25話
あの女を連れて店を出た後、タクシーに乗り込み……
駄目だ……タクシーに乗り込んだ後の事がどうしても思い出せん。
「おいおい、さっきからどうでもいい事ばっか考えてんな? さっさと自分のやった事を思い出してきっちり懺悔しないと……マジでどうなっても知らねぇぜ?」
いつの間にか……兄の前に居た男が今度は私の前に来ていた。
「何故私の考えている事が?!」
そういえば……さっきの兄とのやりとりもそうだ。短いやりとりだったが兄のあの狼狽え方……この男、こちらの考えが読めるのか?
(バカな! そんな事出来るはずが……)
その時、男は私の耳元に口に寄せて小さな声で囁いた。
「面倒臭い事に……分かっちまうんだなこれが」
まるで聞き分けの無い子供をあやす様な口調が……優秀な兄へのコンプレックスを逆撫でする。
「貴様!」
思わず声を荒げた。そもそもこちらの考えが読めるなら何を言っても……いやまて、バカバカしいしいが、仮に本当にこの男が人の思考や記憶が読めるというなら……

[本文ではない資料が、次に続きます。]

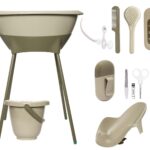 Bad&Verzorgingsset Luma Olive Green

「待ってくれ……いや、待ってください。本当に私の考えが読めると言うなら……私が彼に命じたのが事態の収拾であって、決して彼女に危害を加えろと言った訳では無いと分かるはずだ! 私は会社を守る為に当然の指示をしただけで……」
そこまで言った時……私は、男の顔から表情か消えている事に気付いた。
「ああ……あんたは確かに具体的な指示なんて出してねぇな。だが俺はさっきあんたの兄貴に言ったろう? 『だからって罪が無いとは言わせない』ってな。いや……あんたはそこに居る部長がどんな処理方法を取るか薄々見当がついてたろう? それでもまだ自分は悪くないってのかい?」
- ズズズッ -
男の言葉が終わると同時に……
男と同じくあらゆる表情を消したマスターが……また一つ私の椅子を破滅に向かって押し進めた。